Effects of progressive drought stress on the expression of patatin-like lipid acyl hydrolase genes in Arabidopsis leaves

Scientific Fields
Diseases
Organisms
Applications
Technique

Published in Physiologia plantarum - 24 Apr 2008

Matos AR, Gigon A, Laffray D, Pêtres S, Zuily-Fodil Y, Pham-Thi AT

Link to Pubmed [PMID] – 18435822

Physiol Plant 2008 Sep;134(1):110-20

Patatin-like genes have recently been cloned from several plant species and found to be involved in stress responses and development.
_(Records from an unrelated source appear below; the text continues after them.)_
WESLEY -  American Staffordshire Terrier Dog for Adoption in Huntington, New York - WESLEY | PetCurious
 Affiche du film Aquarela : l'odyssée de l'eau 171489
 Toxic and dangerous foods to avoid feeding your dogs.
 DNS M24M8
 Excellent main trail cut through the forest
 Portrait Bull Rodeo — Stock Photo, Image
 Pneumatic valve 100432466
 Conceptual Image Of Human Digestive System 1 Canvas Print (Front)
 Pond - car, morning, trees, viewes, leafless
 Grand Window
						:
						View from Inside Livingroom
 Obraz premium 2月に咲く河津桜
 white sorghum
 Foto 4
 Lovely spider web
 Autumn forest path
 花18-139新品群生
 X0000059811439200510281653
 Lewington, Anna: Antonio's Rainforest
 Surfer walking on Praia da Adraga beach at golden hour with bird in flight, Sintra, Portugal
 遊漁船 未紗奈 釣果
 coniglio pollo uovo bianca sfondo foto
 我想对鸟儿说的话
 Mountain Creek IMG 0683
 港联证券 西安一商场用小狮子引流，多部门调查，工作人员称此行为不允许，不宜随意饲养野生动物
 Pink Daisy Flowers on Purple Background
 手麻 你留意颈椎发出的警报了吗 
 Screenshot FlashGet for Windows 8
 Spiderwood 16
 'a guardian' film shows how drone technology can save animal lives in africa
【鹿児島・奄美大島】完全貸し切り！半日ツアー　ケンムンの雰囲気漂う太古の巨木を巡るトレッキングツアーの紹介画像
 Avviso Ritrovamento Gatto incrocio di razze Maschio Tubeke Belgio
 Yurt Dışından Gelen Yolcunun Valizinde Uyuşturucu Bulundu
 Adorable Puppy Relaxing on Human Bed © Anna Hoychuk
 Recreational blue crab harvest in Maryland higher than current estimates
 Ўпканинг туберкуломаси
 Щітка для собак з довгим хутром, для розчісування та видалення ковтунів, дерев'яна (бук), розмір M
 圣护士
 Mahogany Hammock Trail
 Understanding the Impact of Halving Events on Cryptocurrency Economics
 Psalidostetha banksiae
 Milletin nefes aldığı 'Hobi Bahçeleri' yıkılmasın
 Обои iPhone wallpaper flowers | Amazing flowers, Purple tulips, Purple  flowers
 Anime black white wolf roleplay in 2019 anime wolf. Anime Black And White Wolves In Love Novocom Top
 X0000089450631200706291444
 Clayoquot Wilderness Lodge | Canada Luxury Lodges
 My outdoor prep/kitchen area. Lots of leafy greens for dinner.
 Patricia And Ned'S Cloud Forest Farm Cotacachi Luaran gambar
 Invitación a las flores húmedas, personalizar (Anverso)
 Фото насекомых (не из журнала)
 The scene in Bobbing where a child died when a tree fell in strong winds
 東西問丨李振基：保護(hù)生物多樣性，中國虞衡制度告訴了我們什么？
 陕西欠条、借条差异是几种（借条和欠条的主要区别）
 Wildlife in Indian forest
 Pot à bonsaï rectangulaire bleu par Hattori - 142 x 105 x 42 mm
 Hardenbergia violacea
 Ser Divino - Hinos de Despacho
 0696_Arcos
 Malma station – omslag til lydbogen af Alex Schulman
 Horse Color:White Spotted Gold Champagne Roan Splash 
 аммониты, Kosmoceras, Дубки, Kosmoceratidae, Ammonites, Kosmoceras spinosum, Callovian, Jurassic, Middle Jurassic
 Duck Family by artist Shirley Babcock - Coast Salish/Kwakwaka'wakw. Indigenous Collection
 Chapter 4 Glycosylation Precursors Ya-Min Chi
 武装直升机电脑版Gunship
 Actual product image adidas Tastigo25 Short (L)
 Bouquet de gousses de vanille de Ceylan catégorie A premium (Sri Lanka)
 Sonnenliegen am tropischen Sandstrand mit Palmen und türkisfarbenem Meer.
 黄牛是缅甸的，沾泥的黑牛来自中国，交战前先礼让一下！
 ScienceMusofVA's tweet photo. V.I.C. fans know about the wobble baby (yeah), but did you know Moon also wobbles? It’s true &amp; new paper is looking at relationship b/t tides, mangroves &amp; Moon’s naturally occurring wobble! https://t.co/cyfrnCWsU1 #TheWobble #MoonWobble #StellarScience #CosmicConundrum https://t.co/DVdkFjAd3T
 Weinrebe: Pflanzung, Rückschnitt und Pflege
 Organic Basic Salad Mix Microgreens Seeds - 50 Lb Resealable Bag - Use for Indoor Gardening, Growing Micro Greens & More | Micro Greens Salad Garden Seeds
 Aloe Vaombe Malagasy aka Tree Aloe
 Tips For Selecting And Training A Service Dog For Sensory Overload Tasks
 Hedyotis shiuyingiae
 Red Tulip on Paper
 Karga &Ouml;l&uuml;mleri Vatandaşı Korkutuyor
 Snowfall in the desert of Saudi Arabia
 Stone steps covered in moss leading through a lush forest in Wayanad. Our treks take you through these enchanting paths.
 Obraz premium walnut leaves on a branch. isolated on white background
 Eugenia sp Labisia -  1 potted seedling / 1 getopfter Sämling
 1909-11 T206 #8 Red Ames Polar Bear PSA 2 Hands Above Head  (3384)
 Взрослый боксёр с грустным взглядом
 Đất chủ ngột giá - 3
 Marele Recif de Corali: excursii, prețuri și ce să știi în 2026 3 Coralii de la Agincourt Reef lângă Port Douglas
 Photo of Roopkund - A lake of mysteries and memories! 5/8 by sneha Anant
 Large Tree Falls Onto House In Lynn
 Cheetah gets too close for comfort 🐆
In previous work, we have shown that a patatin-like gene encoding a galactolipid acyl hydrolase (EC 3.1.1.26) was stimulated by drought in the leaves of the tropical legume, Vigna unguiculata L. Walp. The aim of the present work was to study the expression of patatin-like genes in Arabidopsis thaliana under water deficit. Expression of six genes was studied by reverse transcriptase polymerase chain reaction in leaves of plants submitted to progressive drought stress induced by withholding water and also in different plant organs. Three genes, designated AtPAT IIA, AtPAT IVC and AtPAT IIIA, were shown to be upregulated by water deficit but with different kinetics, while the other patatin-like genes were either constitutive or not expressed in leaves. The accumulation of transcripts of AtPAT IIA in the early stages of the drought treatment was coordinated with the upregulation of lipoxygenase and allene oxide synthase genes. AtPAT IIA expression was also induced by wounding and methyl jasmonate treatments. The in vitro lipolytic activity toward monogalactosyldiacylglycerol, digalactosyldiacylglycerol, phosphatidylcholine and phosphatidylglycerol was confirmed by producing the recombinant protein ATPAT IIA in insect cells. The analysis of free fatty acid pools in drought-stressed leaves shows an increase in the relative amounts of trans-3-hexadecenoic acid at the beginning of the treatment followed by a progressive accumulation of linoleic and linolenic acids. The possible roles of AtPAT IIA in lipid signaling and membrane degradation under water deficit are discussed.